In many production environments, service availability depends on external monitoring systems such as Prometheus, Zabbix, or cloud-provider health checks. While effective, these systems introduce additional complexity and dependencies.
A lesser-known but highly effective approach is to leverage systemd’s native watchdog and restart capabilities to create self-healing services that automatically detect failures and recover without external tools.
This document explains how to design and deploy a self-healing systemd service on AlmaLinux 8 using built-in systemd features only.
Critical internal services without monitoring agents
Edge or isolated systems
Minimal installations
Bootstrap environments
Fallback protection when monitoring systems fail
AlmaLinux 8
systemd (default)
Root or sudo access
A long-running service or script
Create a service script that simulates a long-running process.
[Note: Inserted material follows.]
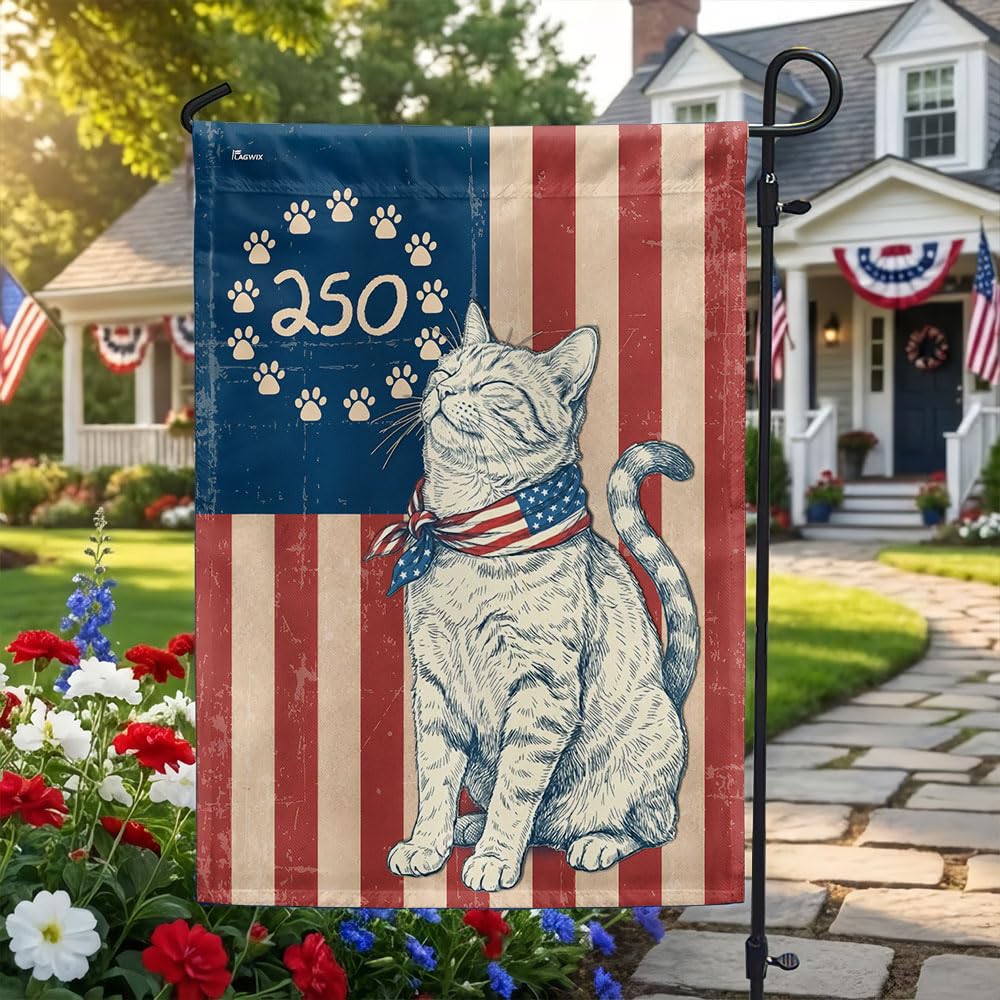 FLAGWIX American 250 Years Anniversary Flag - Polyester Double-sided Yard Flags For Outside Grommet Flag, 3x5 ft - 4th of July Decorations for Home Yard Garden Decor Banner, Gifts For Men Women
nano /usr/local/bin/example-service.sh
Add the following content:
#!/bin/bash
while true; do
echo "$(date) - Service heartbeat"
sleep 5
done
Make it executable:
chmod +x /usr/local/bin/example-service.sh
nano /etc/systemd/system/example-selfhealing.service
Add:
[Unit]
Description=Example Self-Healing Service
After=network.target
[Service]
Type=simple
ExecStart=/usr/local/bin/example-service.sh
Restart=always
RestartSec=3
WatchdogSec=10
NotifyAccess=main
[Install]
WantedBy=multi-user.target
Modify the script to notify systemd.
nano /usr/local/bin/example-service.sh
Replace content with:
#!/bin/bash
while true; do
systemd-notify WATCHDOG=1
sleep 5
done
systemctl daemon-reexec
systemctl daemon-reload
systemctl enable example-selfhealing.service
systemctl start example-selfhealing.service
Check service status:
systemctl status example-selfhealing.service
Verify watchdog activity:
journalctl -u example-selfhealing.service
Forcefully terminate the service:
pkill -9 -f example-service.sh
systemd automatically restarts it within seconds.
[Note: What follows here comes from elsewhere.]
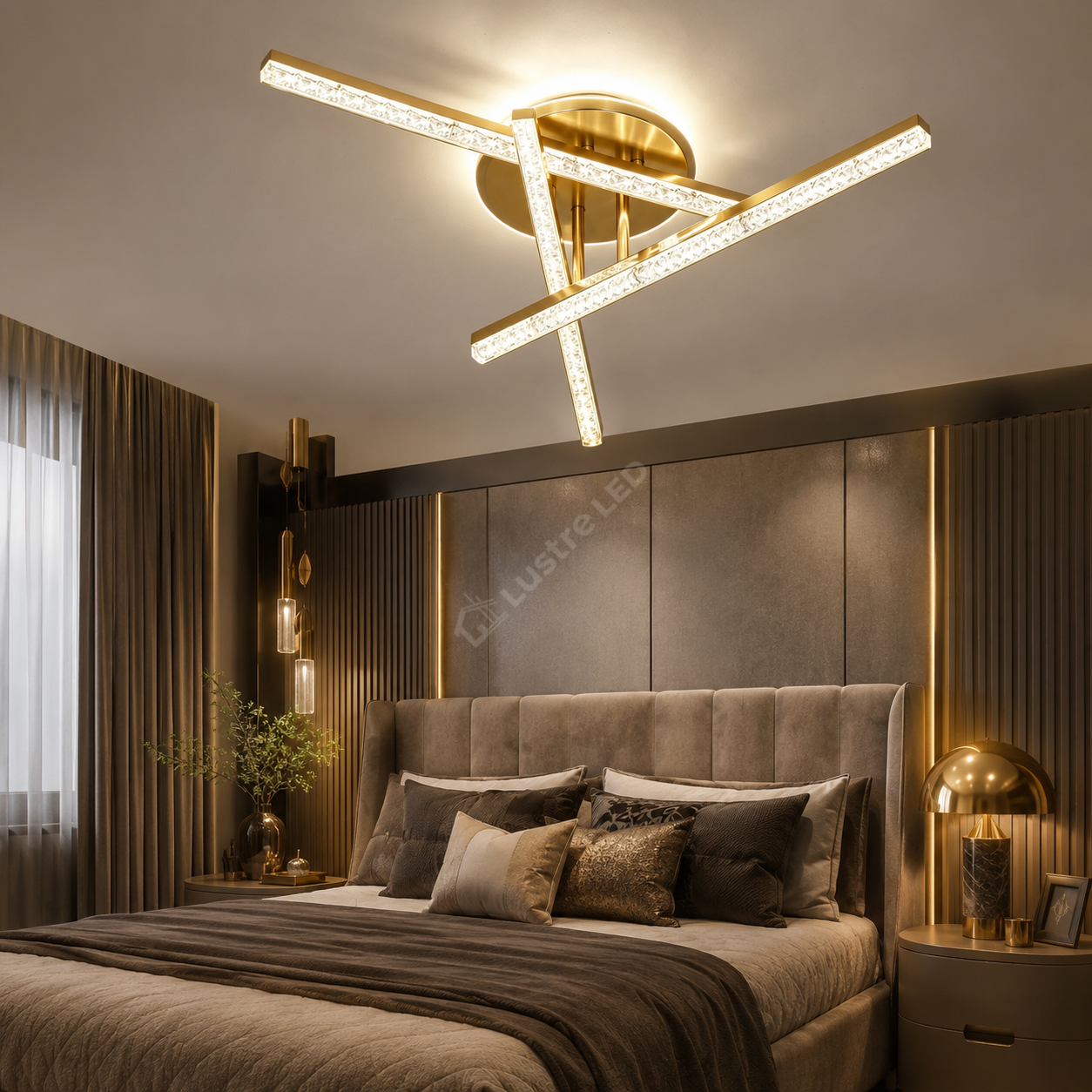 Lustra Aplicata KEPLER Gold 60CM Echivalent 400W Telecomanda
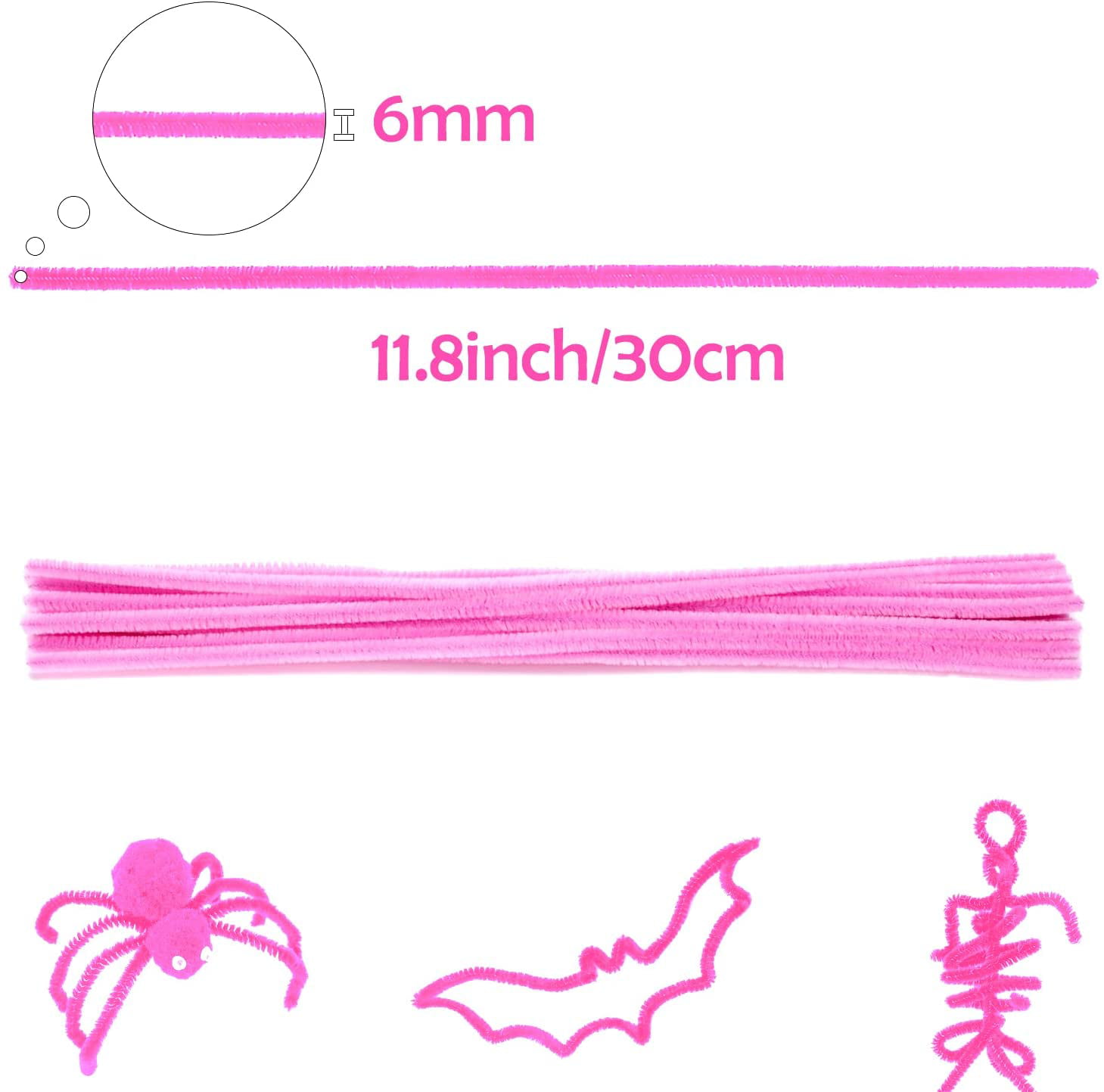 Caryko Super Fuzzy Chenille Stems Pipe Cleaners, Pack of 100 (Pink)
systemctl status example-selfhealing.service
Restart count increases, confirming recovery.
StartLimitIntervalSec=60
StartLimitBurst=3
MemoryMax=256M
CPUQuota=50%
OnFailure=emergency.target
journalctl -u example-selfhealing.service --since "10 minutes ago"
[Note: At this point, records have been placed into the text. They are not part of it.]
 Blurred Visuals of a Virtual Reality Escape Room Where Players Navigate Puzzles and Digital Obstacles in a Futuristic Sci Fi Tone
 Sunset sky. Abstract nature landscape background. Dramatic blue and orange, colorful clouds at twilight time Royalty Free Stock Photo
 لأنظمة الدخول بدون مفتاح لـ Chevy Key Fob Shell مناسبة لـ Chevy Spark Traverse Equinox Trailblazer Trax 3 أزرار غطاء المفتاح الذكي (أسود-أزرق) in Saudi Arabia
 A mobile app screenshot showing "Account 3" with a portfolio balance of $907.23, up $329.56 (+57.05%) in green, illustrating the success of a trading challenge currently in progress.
No external agents required
Faster recovery than monitoring alerts
Reduced system complexity
Built-in to systemd
Highly reliable
This technique is widely used internally by enterprise Linux teams but is rarely documented publicly.
systemd provides powerful native mechanisms for building self-healing services without relying on third-party monitoring tools.
By correctly configuring restart policies and watchdogs, AlmaLinux 8 systems can automatically recover from many service failures with minimal effort.